New Points on Curves

TL;DR

This paper explores the existence of new points on algebraic curves over finite extensions, establishing conditions under which infinitely many hyperelliptic and elliptic curves possess such points, depending on the genus and extension degree.

Contribution

It provides new results on the existence of curves with new points over finite extensions, particularly for hyperelliptic and elliptic curves, based on genus and extension degree.

Findings

Existence of infinitely many hyperelliptic curves with new points for genus g ≥ [d/4] in characteristic ≠ 2.

Existence of infinitely many elliptic curves with new points for degrees 1 to 10.

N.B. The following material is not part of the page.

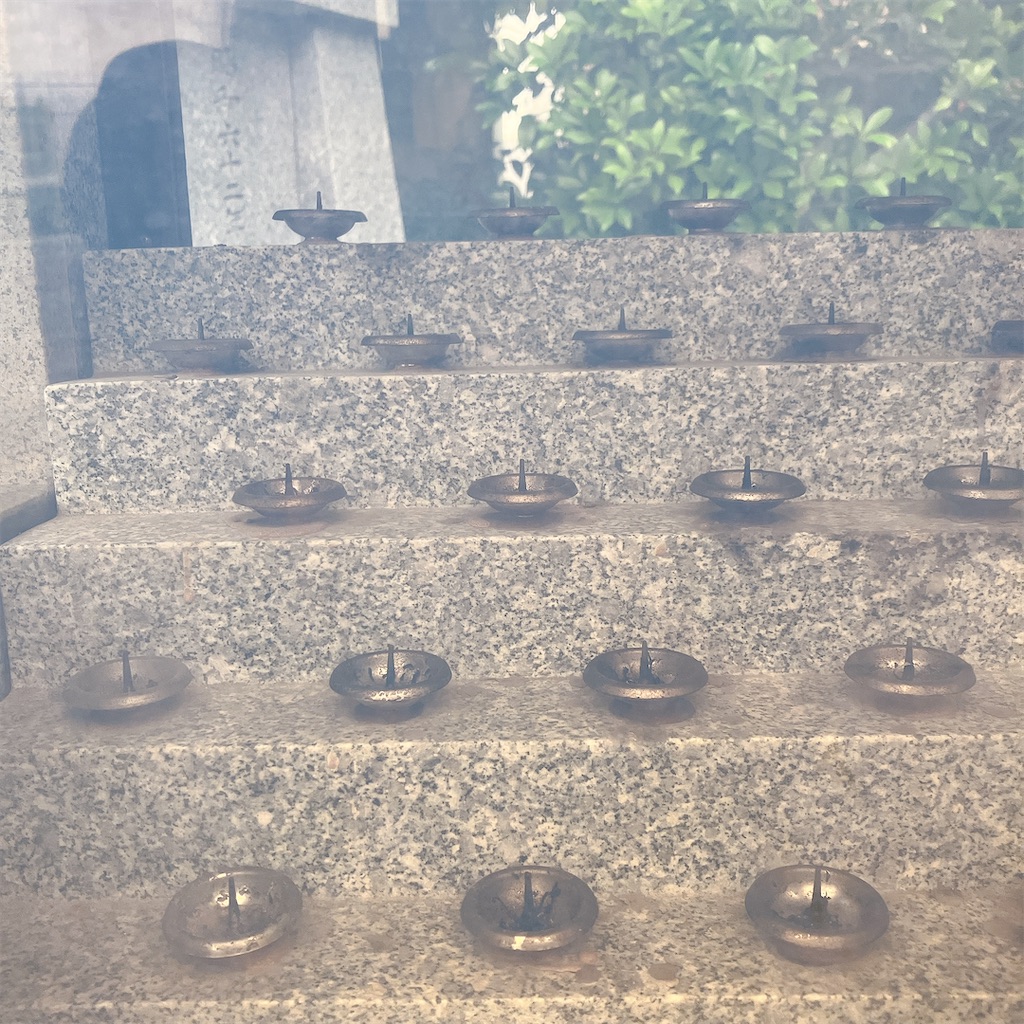 f:id:yakisobacurry:20260624181402j:image f:id:yakisobacurry:20260624181402j:image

Construction of non-isomorphic curves with pairwise distinct j-invariants and new points.

Abstract

Let K be a field and let L/K be a finite extension. Let X/K be a scheme of finite type. A point of X(L) is said to be new if it does not belong to the union of X(F), when F runs over all proper subextensions of L. Fix now an integer g>0 and a finite separable extension L/K of degree d. We investigate in this article whether there exists a smooth proper geometrically connected curve of genus g with a new point in X(L). We show for instance that if K is infinite of characteristic different from 2 and g is bigger or equal to [d/4], then there exist infinitely many hyperelliptic curves X/K of genus g, pairwise non-isomorphic over the algebraic closure of K, and with a new point in X(L). When d is between 1 and 10, we show that there exist infinitely many elliptic curves X/K with pairwise distinct j-invariants and with a new point in X(L).